I am mostly an incrementalist. Which means that I believe that progress can often be gained step by step, brick by brick.
I can be happy with the success of “some” knowing that “all” is often elusive. I can be satisfied with “a little” knowing that “a lot” can be built by an accumulation of “littles”.
So, where others may strain and fuss against the restraints of incrementalism, I can thrive.
Still, even I must admit that sometimes, incrementalism is not enough. In fact, sometimes it is wrong. Sometimes, you have to go all in.
As in so many things, I learned this lesson best from my wood. Or more precisely, from my wood-burning stove.
This is a big stove, something like 18” x 15” x 24”. Being cautious in the amount of fuel I consumed, I began by putting small amounts of wood in the stove. Paper enough to ignite the kindling; kindling enough to ignite the slender logs; and then one or two modest logs to warm the stove, the room and me.
For the longest time I wondered why the stove didn’t work well. Here was a workhorse built of cast-iron, a bulldog of a stove meant to handle a cavernous room. And there I was, sitting not 3 feet away and barely able to feel the heat.
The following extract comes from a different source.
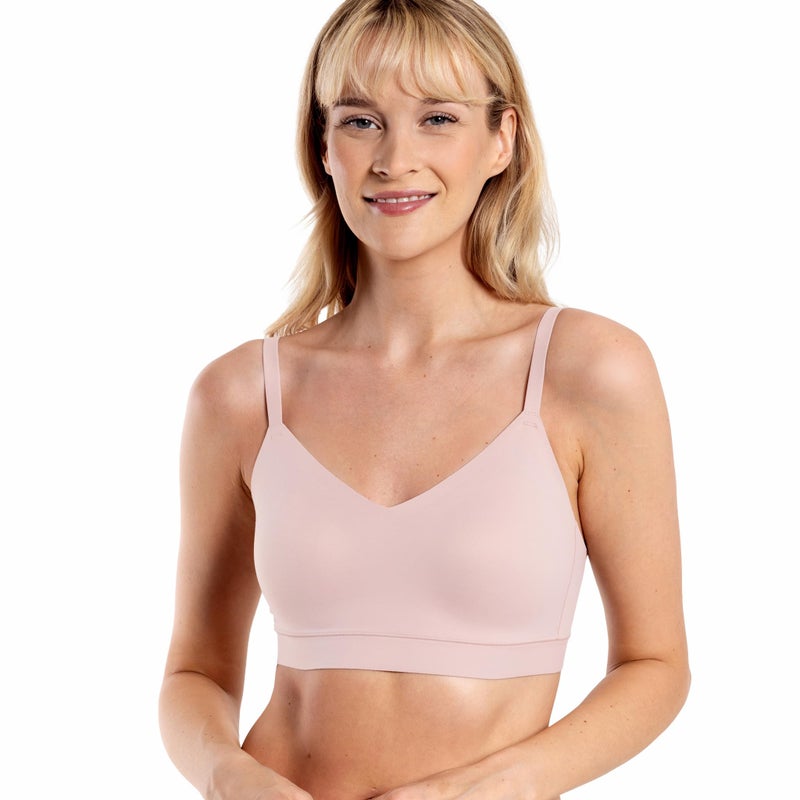 Floatley Cozy Adjustable Bra Comfort Wirefree Seamless Bra with Embedded Pad for Women Size L Crystal Pink - Image 1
Perhaps, my husband gently opined, you need to fill it up. Perhaps the stove needs to reach a certain peak of temperature before it starts pumping out the volume of heat it needs to conquer the space around it.
Not finding any good reason to refute this, I conceded that that might do the trick.
Whatever the physics, whatever the reason, it did. Half a stove is marginally better than none. But a full stove is ten times better than a half.
So it is in life sometimes. We cannot build a business, a non-profit, a movement with bits of our soul. We cannot move mountains if we start by opting for half. And we cannot compromise fairly if we start from a position of too little.
This is true in our private lives and it is true in national politics.
The challenge, as in so many aspects of our lives, is to know when to do what.
Mr. President, this looks like the time to go all in.